### Task directions
Every entry below should be restated word for word, except for its images.

┌────────

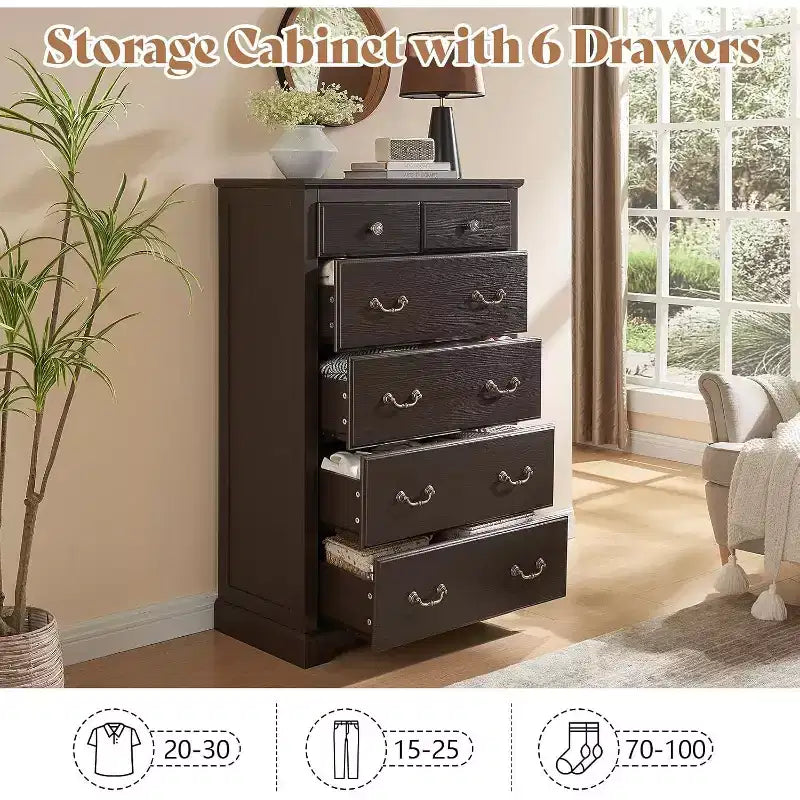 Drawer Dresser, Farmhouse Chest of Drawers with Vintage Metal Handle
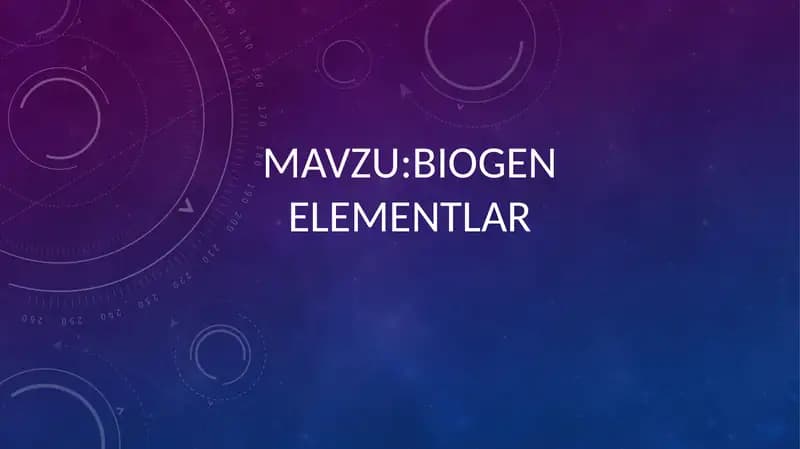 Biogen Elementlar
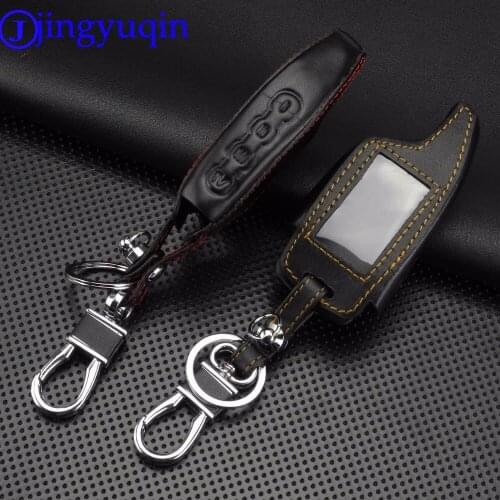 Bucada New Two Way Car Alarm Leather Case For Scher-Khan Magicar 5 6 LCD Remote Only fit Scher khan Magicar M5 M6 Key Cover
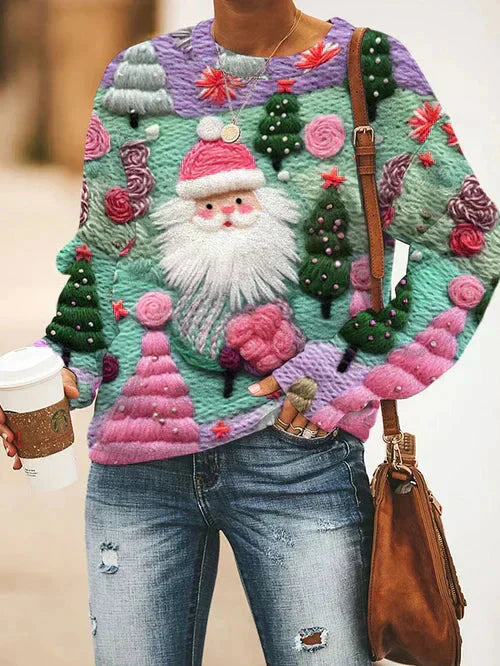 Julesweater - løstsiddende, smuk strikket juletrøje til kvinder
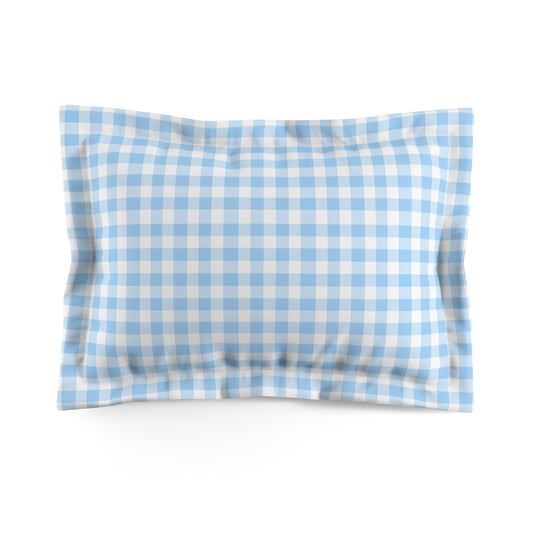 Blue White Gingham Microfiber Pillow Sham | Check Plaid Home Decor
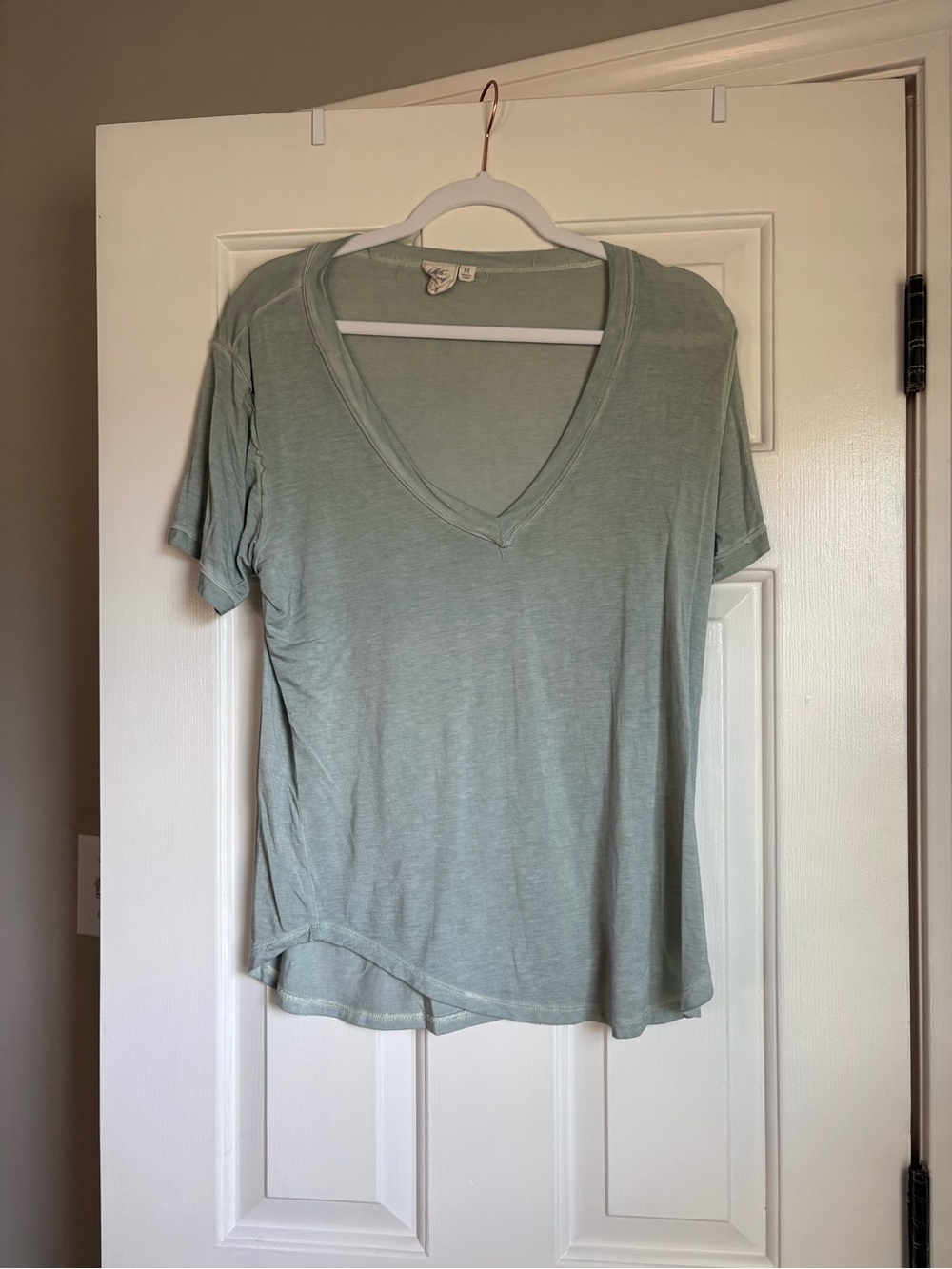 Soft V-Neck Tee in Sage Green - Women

└────────

### Written reply
 Drawer Dresser, Farmhouse Chest of Drawers with Vintage Metal Handle
 Biogen Elementlar
 Bucada New Two Way Car Alarm Leather Case For Scher-Khan Magicar 5 6 LCD Remote Only fit Scher khan Magicar M5 M6 Key Cover
 Julesweater - løstsiddende, smuk strikket juletrøje til kvinder
 Blue White Gingham Microfiber Pillow Sham | Check Plaid Home Decor
 Soft V-Neck Tee in Sage Green - Women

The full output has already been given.